* **THE DATA**:
=====

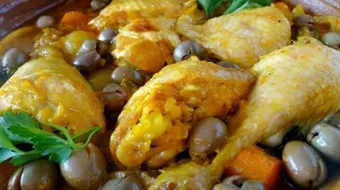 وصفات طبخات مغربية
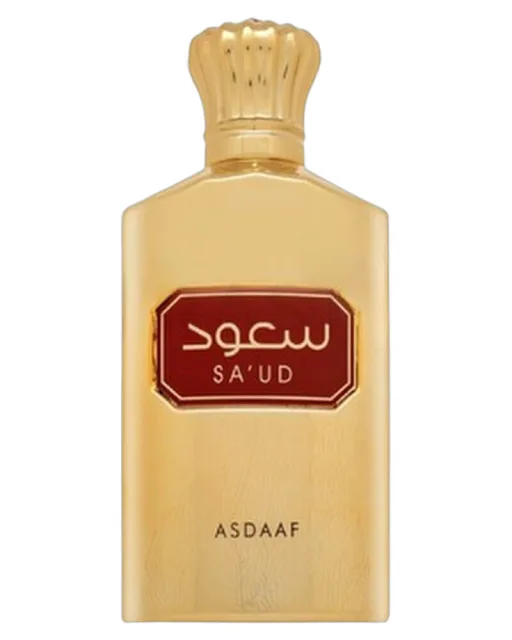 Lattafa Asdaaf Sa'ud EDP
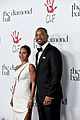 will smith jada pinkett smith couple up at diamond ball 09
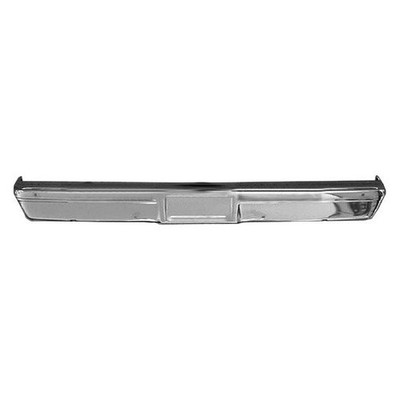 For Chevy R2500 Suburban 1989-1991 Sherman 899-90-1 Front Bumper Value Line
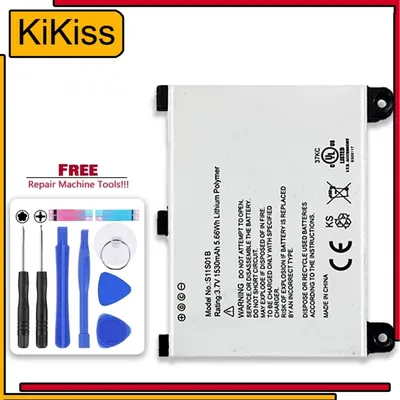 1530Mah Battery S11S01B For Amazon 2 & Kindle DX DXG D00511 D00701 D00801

=====

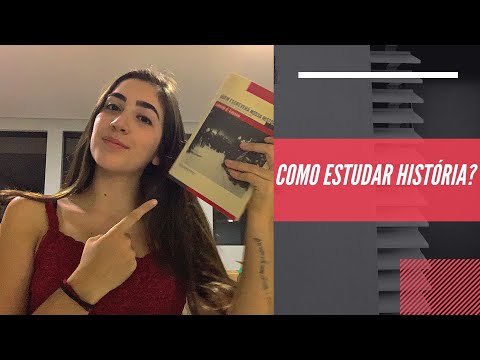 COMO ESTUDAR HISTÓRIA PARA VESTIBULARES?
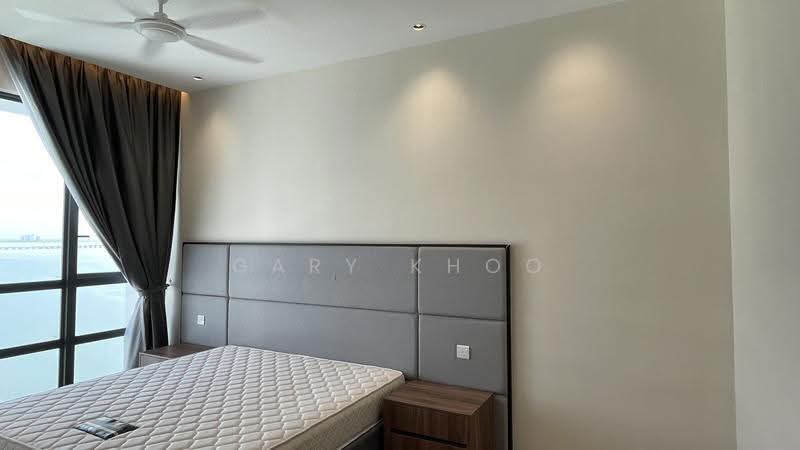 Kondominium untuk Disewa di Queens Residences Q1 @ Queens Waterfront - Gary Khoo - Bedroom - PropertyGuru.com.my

=====

Once the line with "COMO ESTUDAR HISTÓRIA PARA VESTIBULARES?" has been found above, output that line and every later line exactly, stopping after the line with "Kondominium untuk Disewa", and omit the pictures.

 COMO ESTUDAR HISTÓRIA PARA VESTIBULARES?
 Kondominium untuk Disewa di Queens Residences Q1 @ Queens Waterfront - Gary Khoo - Bedroom - PropertyGuru.com.my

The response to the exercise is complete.